(DATA FOR THE TASK Opens)

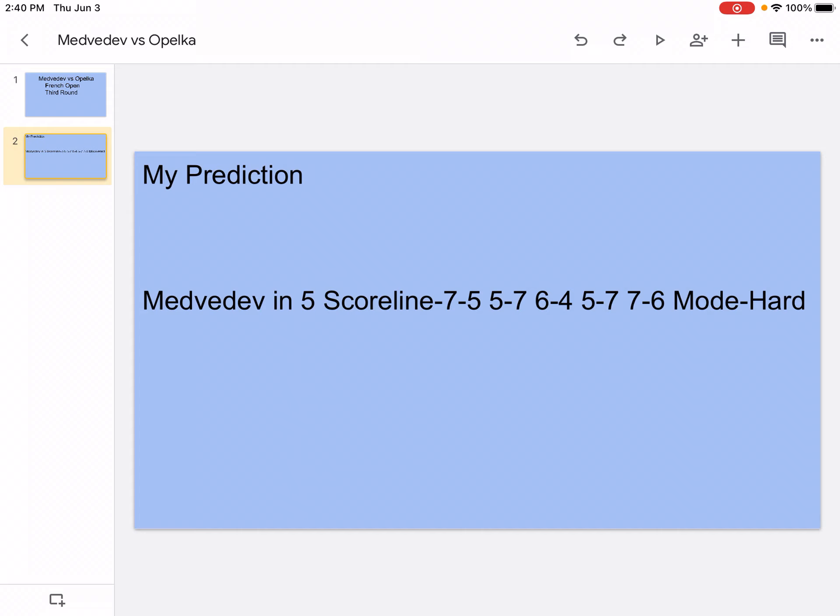In the third set, I think Medvedev will hit a lot of winners and aces. He's going to make Opelka move around. He's going to use his wide variety of shots and come to the net and maybe hit some volleys. And he will win the third set.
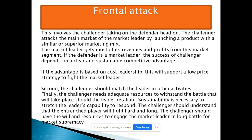The challenger needs adequate resources to sustain the battle against the leader. You have to stand and fight for a long time. Sustainability is necessary to stretch the leader's capability to respond. The challenger should understand that this fight is hard and takes a long time, requiring the will and resources to engage the market leader in a long battle for market superiority.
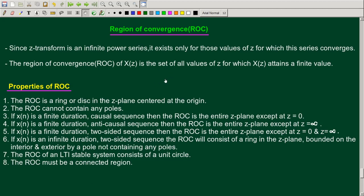The region of convergence deals with the convergence of the infinite series. Using the summation limit with a geometric series in the form 1 over 1 minus R, with the condition that the modulus of R is less than 1, we get the ROC conditions. For a causal infinite duration sequence, the ROC is the exterior of a circle, and for an anti-causal sequence, the interior of a circle.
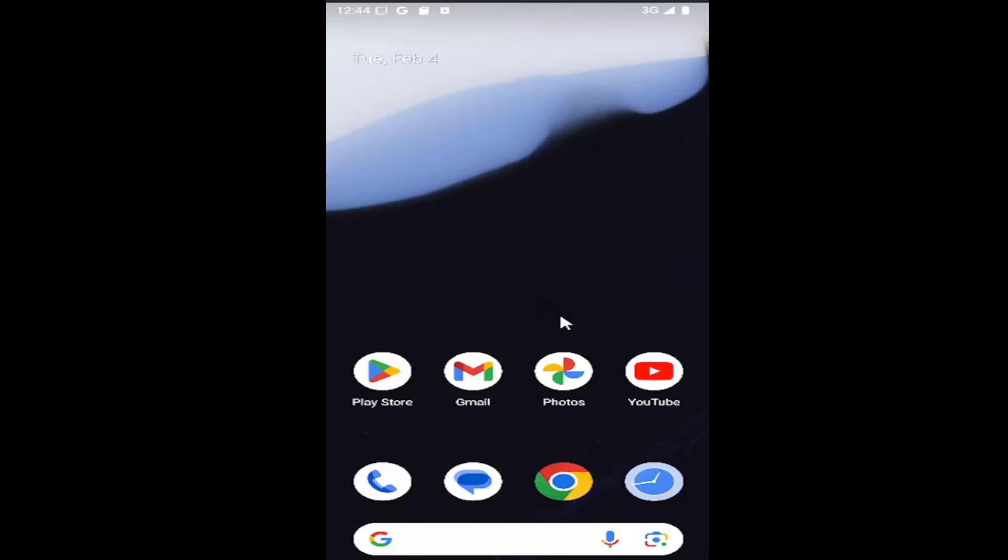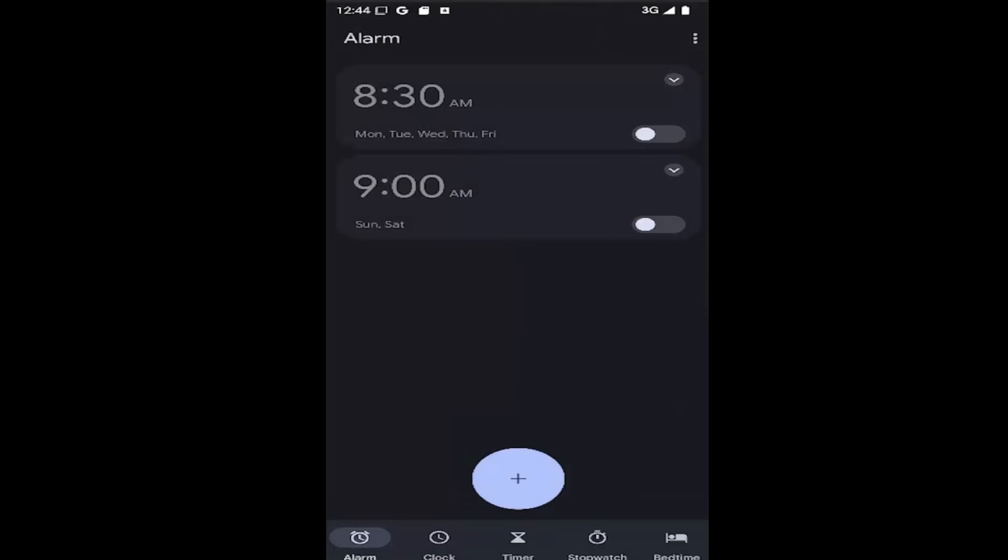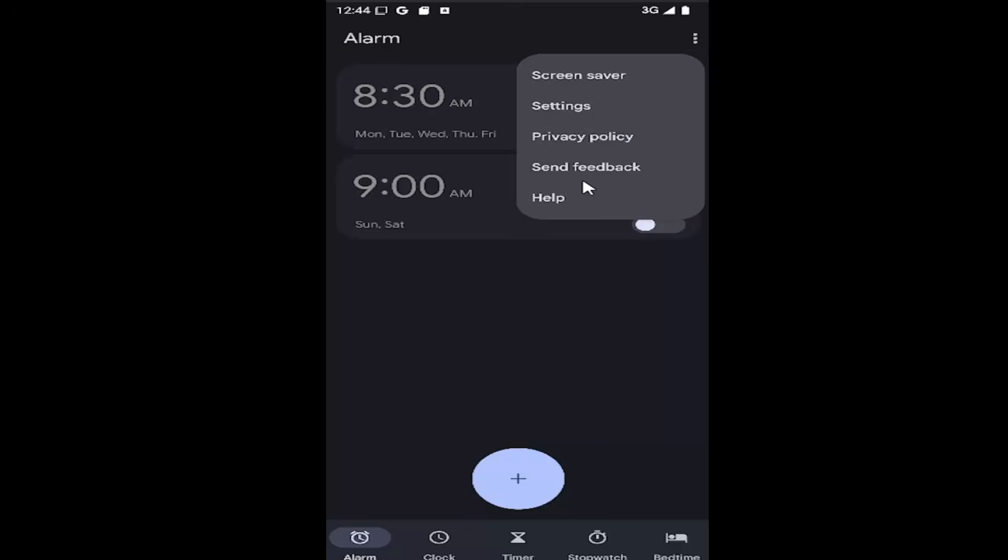So all you have to do is swipe up on your home screen and you want to select the clock app, and then select the three dotted icon at the top right and go down and select settings.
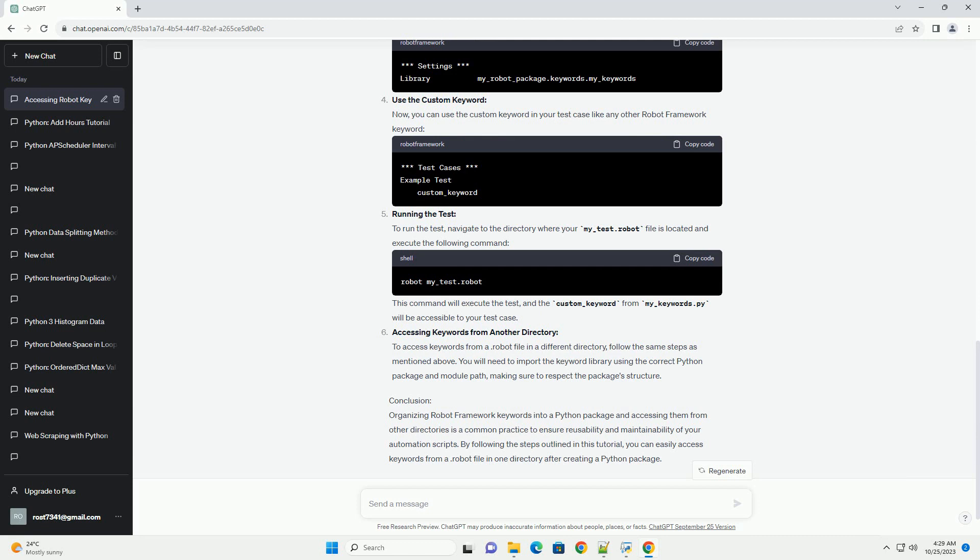Import the keyword library. To use the custom keywords from my-keywords.py in your robot framework test case, import the keyword library at the beginning of your test case.robot file. In my-test.robot, you can import the keywords like this.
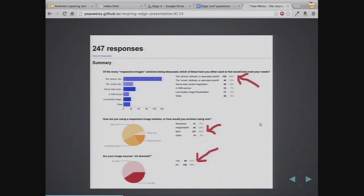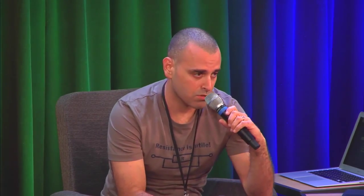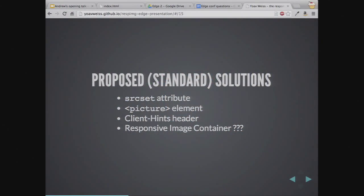The other major use case is art direction — content optimization without wasting too many bytes, matching images to the layout in a way that makes sense: either a crop, different proportions, or something that works according to the actual responsive breakpoints. From a survey we ran, a lot of developers are already doing this using hacks, so this is a major use case. There are several proposed standard solutions: the srcset attribute, the picture element, client hints header, and the responsive image container.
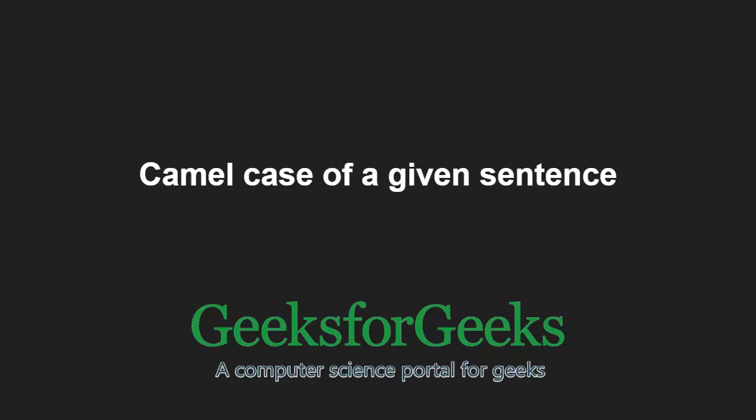Hello friends and welcome to another tutorial on GeeksforGeeks. In this video, we are going to understand the program which finds camel case of a given sentence.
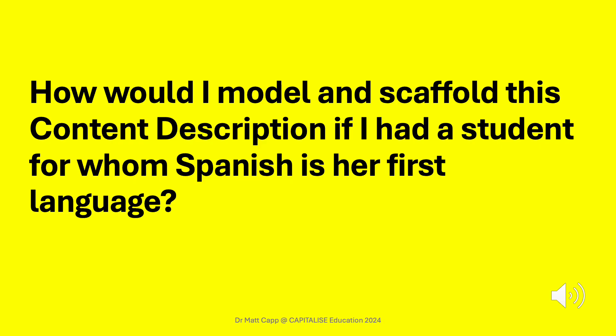If I had a student from a Spanish background who was new to my class, I would follow the following process to support them to access the Australian Curriculum Year 6 Science content descriptions.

(DATA FOR THE TASK Closes)

Your copy of the data should match it exactly, apart from the images, which are omitted.

ANSWER SECTION:
In the third set, I think Medvedev will hit a lot of winners and aces. He's going to make Opelka move around. He's going to use his wide variety of shots and come to the net and maybe hit some volleys. And he will win the third set.
The challenger needs adequate resources to sustain the battle against the leader. You have to stand and fight for a long time. Sustainability is necessary to stretch the leader's capability to respond. The challenger should understand that this fight is hard and takes a long time, requiring the will and resources to engage the market leader in a long battle for market superiority.
The region of convergence deals with the convergence of the infinite series. Using the summation limit with a geometric series in the form 1 over 1 minus R, with the condition that the modulus of R is less than 1, we get the ROC conditions. For a causal infinite duration sequence, the ROC is the exterior of a circle, and for an anti-causal sequence, the interior of a circle.
So all you have to do is swipe up on your home screen and you want to select the clock app, and then select the three dotted icon at the top right and go down and select settings.
Import the keyword library. To use the custom keywords from my-keywords.py in your robot framework test case, import the keyword library at the beginning of your test case.robot file. In my-test.robot, you can import the keywords like this.
The other major use case is art direction — content optimization without wasting too many bytes, matching images to the layout in a way that makes sense: either a crop, different proportions, or something that works according to the actual responsive breakpoints. From a survey we ran, a lot of developers are already doing this using hacks, so this is a major use case. There are several proposed standard solutions: the srcset attribute, the picture element, client hints header, and the responsive image container.
Hello friends and welcome to another tutorial on GeeksforGeeks. In this video, we are going to understand the program which finds camel case of a given sentence.
If I had a student from a Spanish background who was new to my class, I would follow the following process to support them to access the Australian Curriculum Year 6 Science content descriptions.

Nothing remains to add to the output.